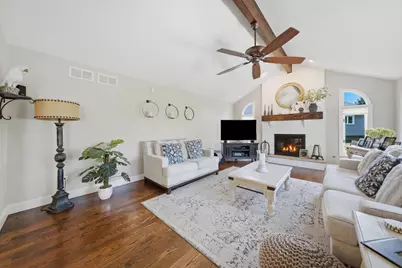 17646 Crestview Court, Orland Park, IL 60467 - Photo 7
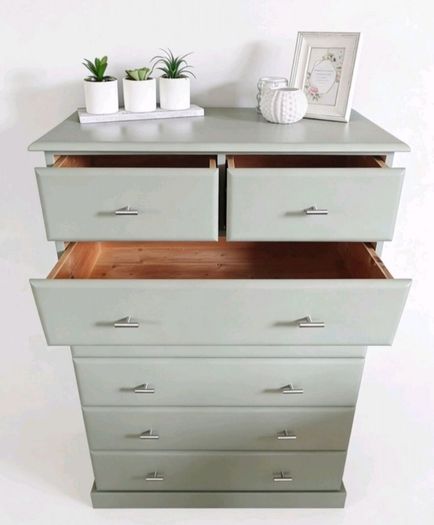 Chest of Drawers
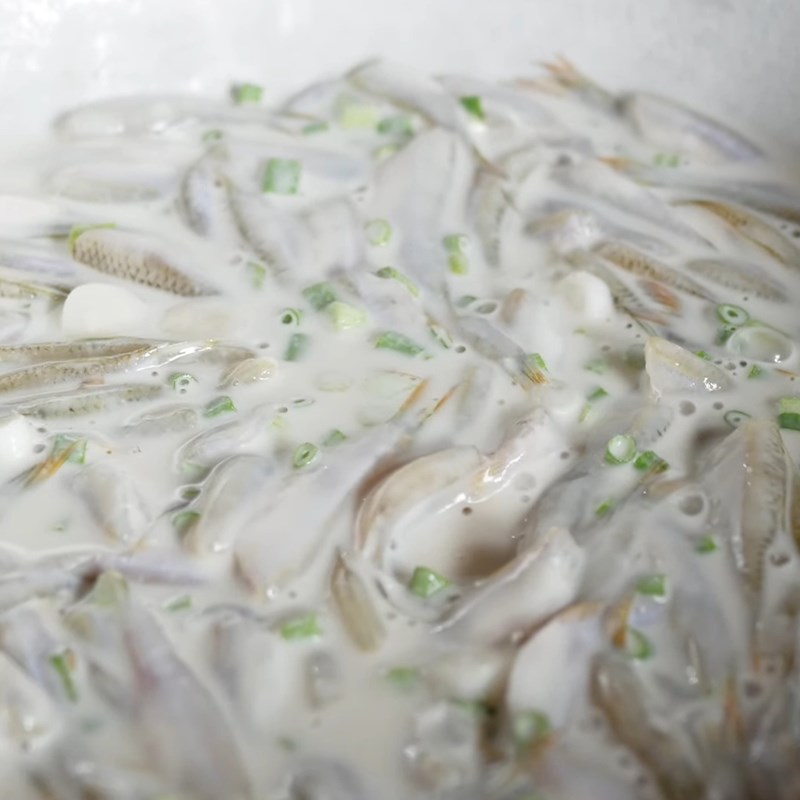 Bước 4 Tẩm cá với bột Cá lòng tong chiên bột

----------------------------------------

PROBLEM DESCRIPTION →
Without any of its pictures, the listing is to be repeated exactly as it stands.

RESPONSE →
 17646 Crestview Court, Orland Park, IL 60467 - Photo 7
 Chest of Drawers
 Bước 4 Tẩm cá với bột Cá lòng tong chiên bột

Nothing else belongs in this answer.